ON THE NIGHT PREVIOUS TO HER GRIM ADVENTURE AT THE FRINGE OF ETERNITY SHE HAD BEEN A GRACEFUL FIGURE AT THE WOONONA QUEEN COMPETITION BALL IN THE LOCAL SCHOOL OF ARTS.
She had danced with the effervescent gaiety of youth. Her merry laughter was irrepressible. True, she told some of her friends, that she was going to Sydney early the next morning. “And,” she said, “I am going over the bridge!” ‘Ha-ha-ha!’ they all laughed at this merry sally. They little imagined that the girl was in earnest. Or, was she in earnest? Or, did the thought, the temptation, the obsession, gradually grow upon her as it did upon John Cox, the brilliant young law student, who threw himself over the bridge on the morning of October 3? Cox became magnetised by the bridge to such a degree that he got himself into a kind of trance, and jumped over.
At the ball she had a splendid time. Her brother, her cousin, and the Master of Ceremonies — it was an ‘old-time’ dance— Charlie Howarth, declares that she was in bubbling happiness. “Apparently she told everybody that she was going over the bridge except me,” declared her cousin. “But even if she had told me I would not have taken it seriously. I would have thought, like the others did, that she was merely joking.” ‘Pretty Kid Enjoying Herself.’ “I could not help noticing how happy she was,” stated Charles Howarth, the M.C. “Indeed, I remarked to someone, ‘That pretty kid there is enjoying her self to-night.” Madge’s mother can ascribe no motive for the deed, either. ‘She was happy here,’ she said. ‘We loved her and she loved us. She went to the dance on Tuesday night and came home about 11 o’clock and went to bed. When I got up the next morning she was gone.
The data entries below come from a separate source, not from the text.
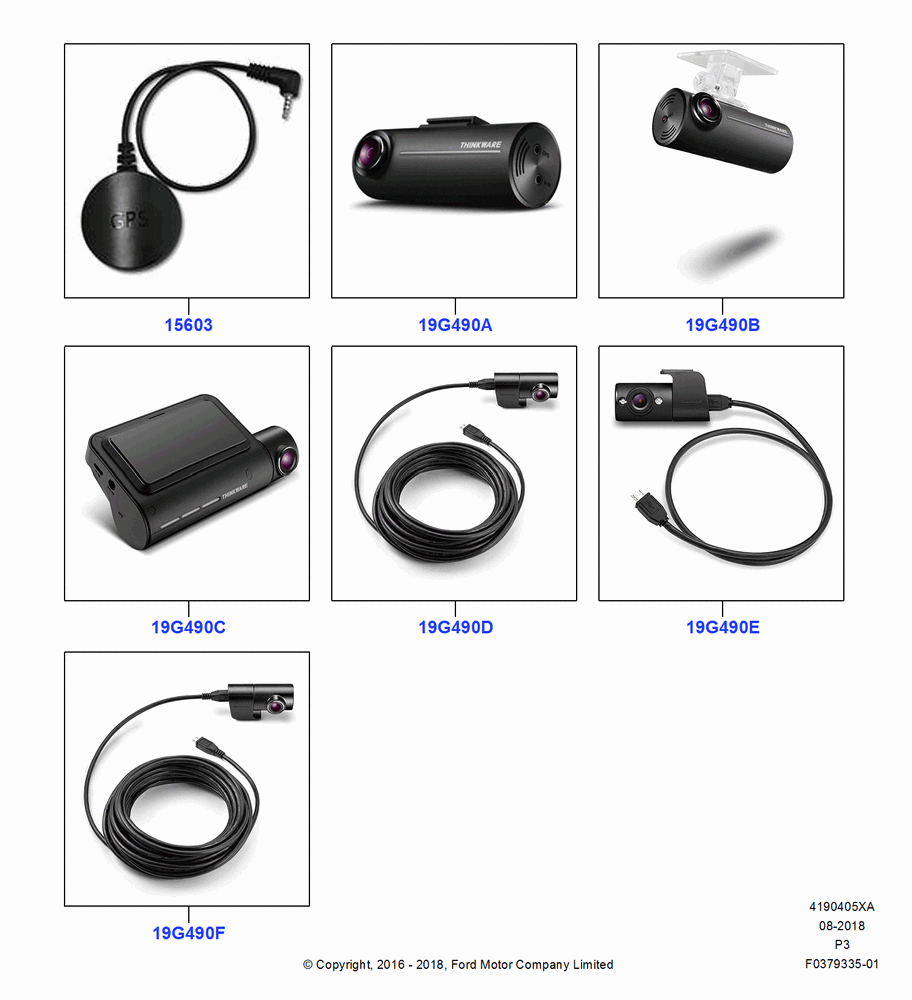 05XA - Camera Equipment, Accessory, Thinkware Cams; 07/NOV/2016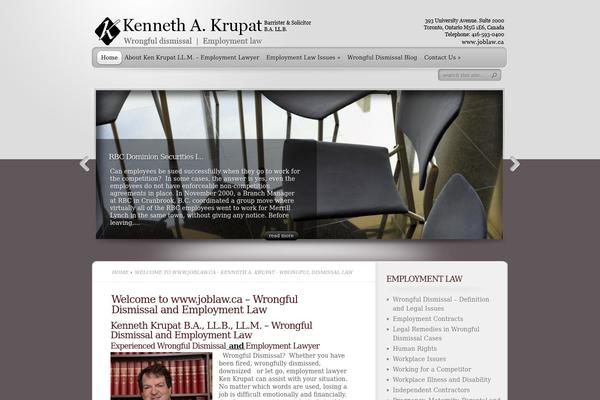 TheProfessional theme site design template sample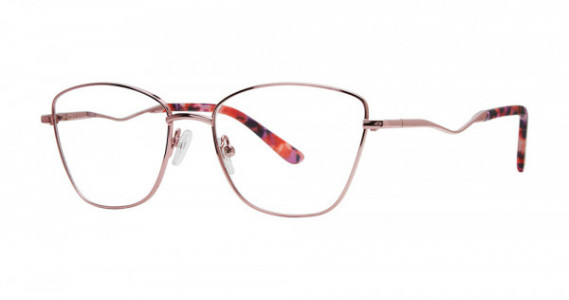 Modern Optical BRYNLEE Eyeglasses, Rose Gold/Fuchsia Marble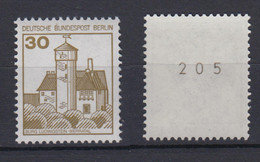 Berlin 534 II Letterset RM Mit Ungerader Nummer Burgen + Schlösser 30 Pf ** - Rollenmarken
This was not unexpected because it had been arranged that she should go to town with her Auntie, Mrs. Coltman, early that morning. She went to town with her aunt and left her in the city to meet a girl friend.
Instead… What a baffling mystery! A young girl without a care attends a ball, enjoys herself immensely, leaves home at 5am, and comes nearly 60 miles to throw herself to her doom. As ‘Truth’ has asked before. … Does the Harbor Bridge cast some uncanny spell over some people; does its ponderous magnificence entice and hypnotise?